O governo federal autorizou um aumento de 27% para os servidores do quadro efetivo e apenas 15,5% para os do quadro específico das agências reguladoras, a ser pago em duas parcelas,sendo parte em 2025 e o restante em 2026. A diferença, por si só gritante, torna-se escandalosa diante de um dado incontornável: ambos os grupos ingressaram oficialmente no serviço público, exercem as mesmas funções e dividem, cotidianamente, o peso da mesma responsabilidade institucional.
Trata-se de uma desigualdade que fere o princípio constitucional da isonomia e que, mais do que isso, envia uma mensagem perigosa: a de que há trabalhadores de “primeira” e de “segunda” dentro do próprio Estado. Muitos desses servidores do quadro específico atuaram, por décadas, lado a lado com os colegas do quadro efetivo, cumprindo as mesmas metas, enfrentando as mesmas crises, representando o Estado com igual competência e responsabilidade.
O que os distingue é apenas a época de ingresso no serviço público — o quadro específico é composto por servidores concursados de uma geração anterior, responsável por estruturar e consolidar as próprias agências reguladoras quando elas ainda davam os seus primeiros passos. Foram esses profissionais, frequentemente ignorados nas políticas mais recentes, que sustentaram tecnicamente a criação das hoje atuais 11 agências reguladoras no Brasil.
Sim, são profissionais que compartilham o mesmo espaço, respondem aos mesmos chefes, superintendentes, diretores, executam as mesmas tarefas nas diferentes áreas de atuação de suas agências de origem, enfrentam os mesmos desafios, o que jamais deveria pesar tanto a ponto de justificar remunerações distintas para esforços idênticos.
Não é exagero dizer que essa distinção institucionalizada beira o etarismo administrativo, uma forma velada de preconceito e de desvalorização dos servidores mais experientes, cuja trajetória é frequentemente tratada como um fardo, não como patrimônio. Numa era que clama por mais inclusão e respeito às diversidades, é preocupante ver o próprio Estado perpetuando uma lógica retrógrada, mesquinha e preconceituosa, que marginaliza o tempo de serviço e a senioridade.
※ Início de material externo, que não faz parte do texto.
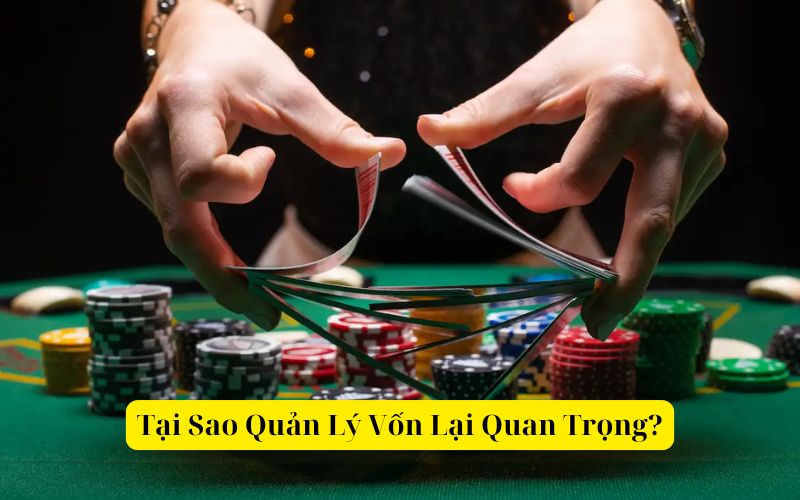 Tại Sao Quản Lý Vốn Lại Quan Trọng khi chơi poker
A história do serviço público brasileiro é marcada por desigualdades internas, carreiras sobrepostas, quadros esquecidos e categorias invisibilizadas. Mas, em 2025, sob a gestão de um governo que se proclama defensor do Estado forte e do funcionalismo comprometido, esperava-se uma correção desses erros e não sua repetição com tinta nova.
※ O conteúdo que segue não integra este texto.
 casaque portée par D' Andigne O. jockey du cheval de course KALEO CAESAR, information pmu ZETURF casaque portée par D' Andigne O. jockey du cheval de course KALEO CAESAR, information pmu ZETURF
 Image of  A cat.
A desculpa técnica, se apresentada, não se sustenta. A contenção fiscal também não explica. A decisão é, essencialmente, política e, como tal, carrega peso simbólico. Ela transmite uma mensagem de que há, sim, servidores de “primeira” e de “segunda” classe. E mais: que o discurso da igualdade cede, quando confrontado com os labirintos burocráticos e as escolhas seletivas neoliberais instaladas dentro da máquina estatal. Ignorar essa realidade é pactuar com a injustiça. É permitir que dentro do próprio Estado floresçam desigualdades que ele, em tese, se propõe a combater na sociedade.
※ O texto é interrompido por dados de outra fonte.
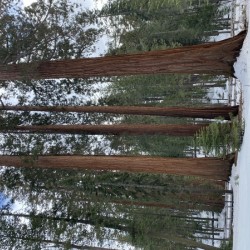 Yosemite Redwood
O quadro específico de servidores não é um corpo estranho ao serviço público, é parte da sua espinha dorsal, especialmente nas agências reguladoras. E tratá-lo como inferior, mesmo diante de sua contribuição histórica e técnica, não é apenas injusto: é institucionalmente insustentável.
Impor e sustentar essa realidade, em pleno 2025, será um ônus grave para um governo que se apresenta como progressista e comprometido com a equidade e com a inclusão. Impor essa desigualdade a seus próprios servidores concursados e experientes, fere não só a lógica da gestão pública, como também os princípios fundamentais que formam a base ética de sua narrativa política e seu senso de equidade.
A injustiça não pode ser apenas denunciada.
Precisa ser imediatamente corrigida.